Robert Kraft, dono do New England Patriots, e o astro do basquete Kevin Durant, de venture capital, investiram na liga, juntando-se a investidores como Joe Tsai, cofundador do Alibaba Group.
A cultura em torno do lacrosse profissional e as oportunidades fora do esporte “mudaram e não mudaram”, segundo o técnico do Hall da Fama, Dom Starsia, quatro vezes campeão nacional na Universidade da Virgínia.
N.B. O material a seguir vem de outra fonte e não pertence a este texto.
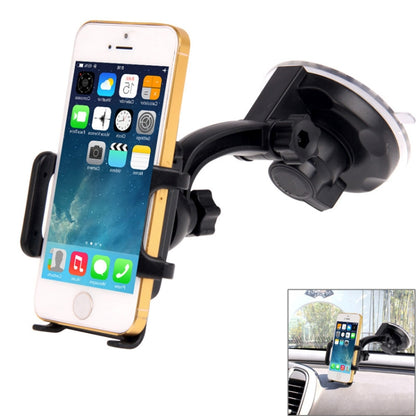 360° rotation universal suction cup phone car holder with side clamp for phones up to 7.4 cm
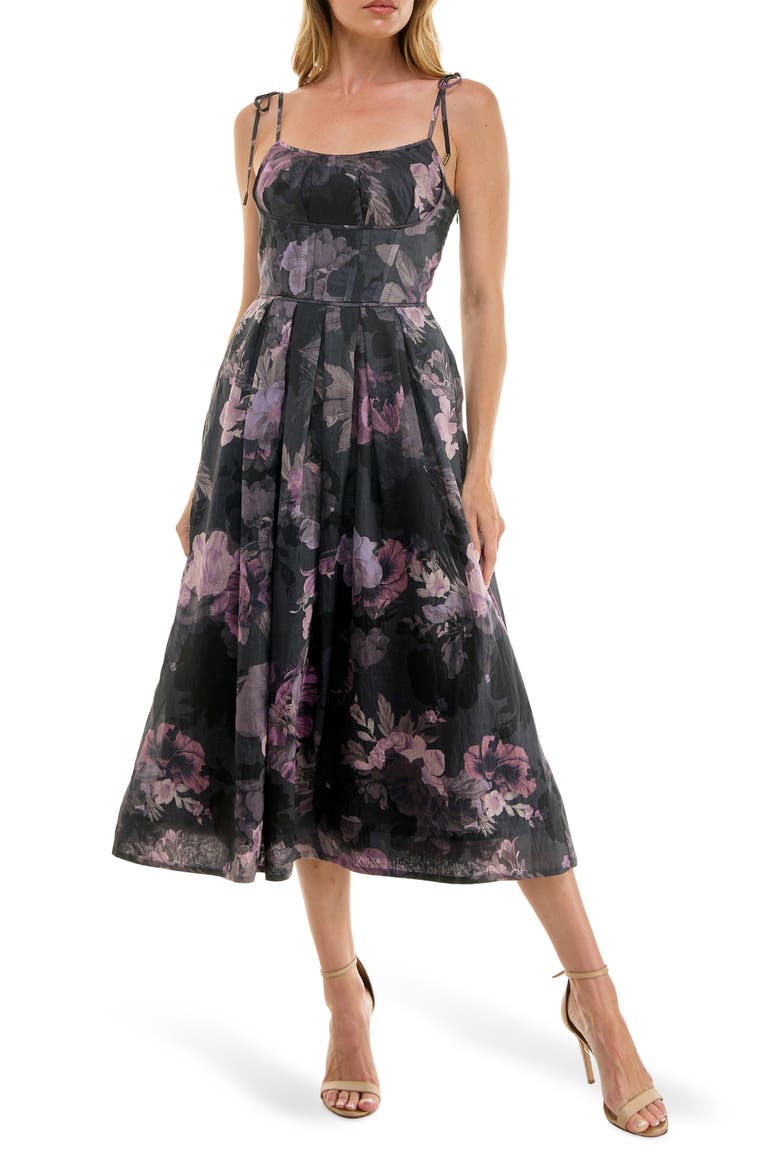 Corset Midi Sundress, Main, color, BLACK WASHED FLORAL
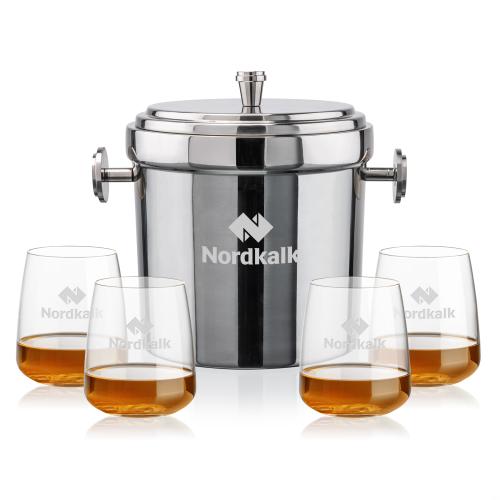 Corporate Recognition Gifts - Etched Barware - Milano Ice Bucket & Dunhill On-the-Rocks Set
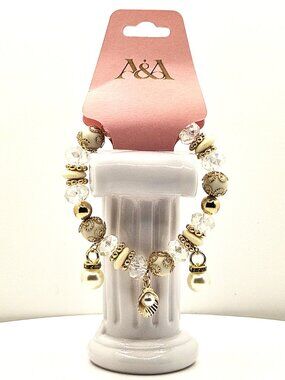 Gold-Tone Charm Bracelet With Faux Pearl Accents Stretch Fit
“É claro que alguns podem se bancar jogando lacrosse”, disse Starsia. “Você pode ganhar o suficiente para viver bem. Mas, ao mesmo tempo, é uma carreira curta.”
Para ajudar os jogadores a entrar no mercado de trabalho, Starsia ajudou a desenvolver uma rede de ex-alunos na Virginia que mantém um banco de dados de ex-jogadores em áreas como finanças, tecnologia e imóveis. A ideia foi imitada em escolas como Georgetown.
Muitos jogadores disseram que contam com o apoio de chefes compreensivos, amigos e outras pessoas importantes enquanto viajam e se mantêm em forma com treinos matinais.
Conrad disse que sua equipe na KKR permite flexibilidade às sextas-feiras durante a temporada, e sua noiva, Sky, é “extremamente compreensível”, cuidando de seu golden retriever de três anos quando ele está na estrada.
Nem todos os colegas de Conrad tiveram a mesma sorte, disse ele: alguns amigos foram informados por seus empregadores que tinham de escolher entre lacrosse e finanças.
Outros jogadores que tentaram o equilíbrio optaram por deixar o mercado corporativo para trás. Mark Glicini, do Carolina Chaos, deixou Wall Street em 2018. Agora em seu nono ano de lacrosse profissional, ele acha que o aumento dos salários e os melhores benefícios incentivarão outros a segui-lo.
Enquanto isso, para os jogadores que estão dispostos a enfrentar os dois mundos, a glória no campo rapidamente dá lugar à realidade da vida profissional.
Quando Jared Conners e os Utah Archers venceram os Waterdogs por 15 a 14 e conquistaram o título da liga do ano passado, ele quase não teve tempo para comemorar a vitória.
Depois de celebrar no domingo à noite, Conners, que trabalha com a venda de produtos securitizados do Barclays, pegou um voo às 6h na segunda-feira. Ele estava de volta à sua mesa às 8h.
“Quando a temporada chega ao fim, voltamos à rotina como em qualquer outra semana.”